• Work order
When copying the listing below, skip every picture and keep each word as it stands.

• Input material

==*==

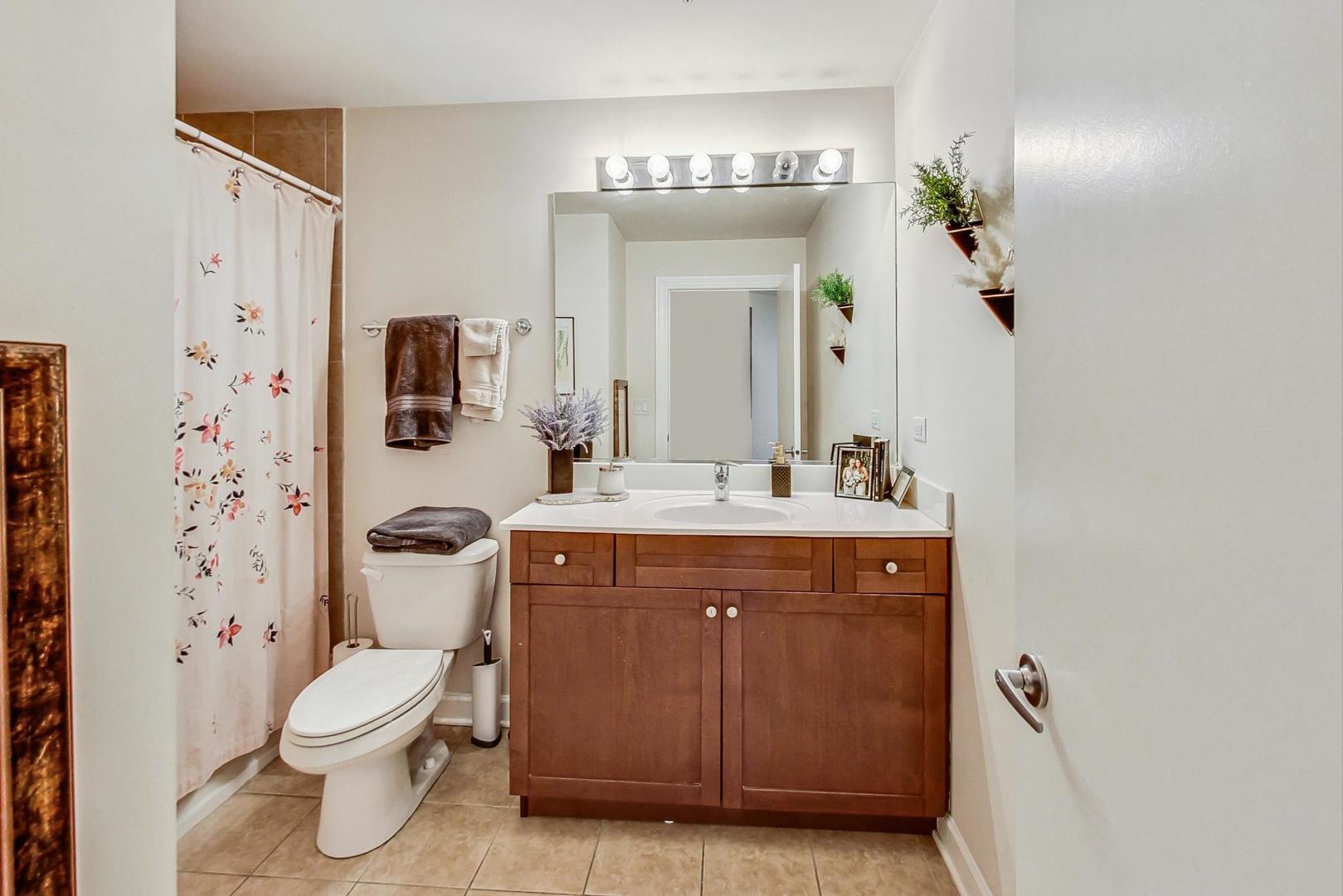 451 West Huron Street, Unit 1201 Chicago, IL 60654 - Photo 16 of 18 a bathroom with a granite countertop toilet sink and mirror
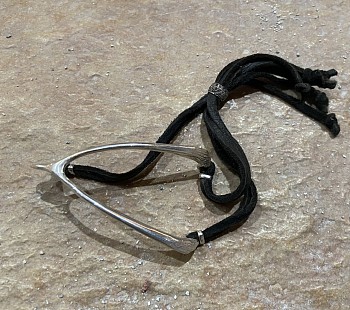 Lynne Mercein -&nbsp;Furcula bracelet on suede cord in sterling silver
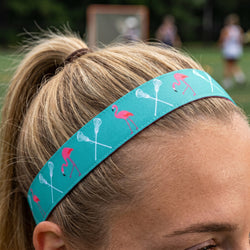 Person wearing a turquoise headband with flamingo and lacrosse stick designs outdoors.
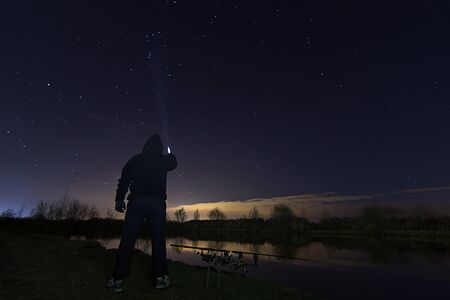 Fisherman in Starry Night, Pointing to Orion the Hunter Constellation , patience.の写真素材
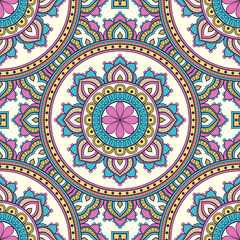 Decorative colorful ethnic seamless pattern for fabric or wrapping in oriental style. Hand drawn illustration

==*==

• Written solution
 451 West Huron Street, Unit 1201 Chicago, IL 60654 - Photo 16 of 18 a bathroom with a granite countertop toilet sink and mirror
 Lynne Mercein -&nbsp;Furcula bracelet on suede cord in sterling silver
 Person wearing a turquoise headband with flamingo and lacrosse stick designs outdoors.
 Fisherman in Starry Night, Pointing to Orion the Hunter Constellation , patience.の写真素材
 Decorative colorful ethnic seamless pattern for fabric or wrapping in oriental style. Hand drawn illustration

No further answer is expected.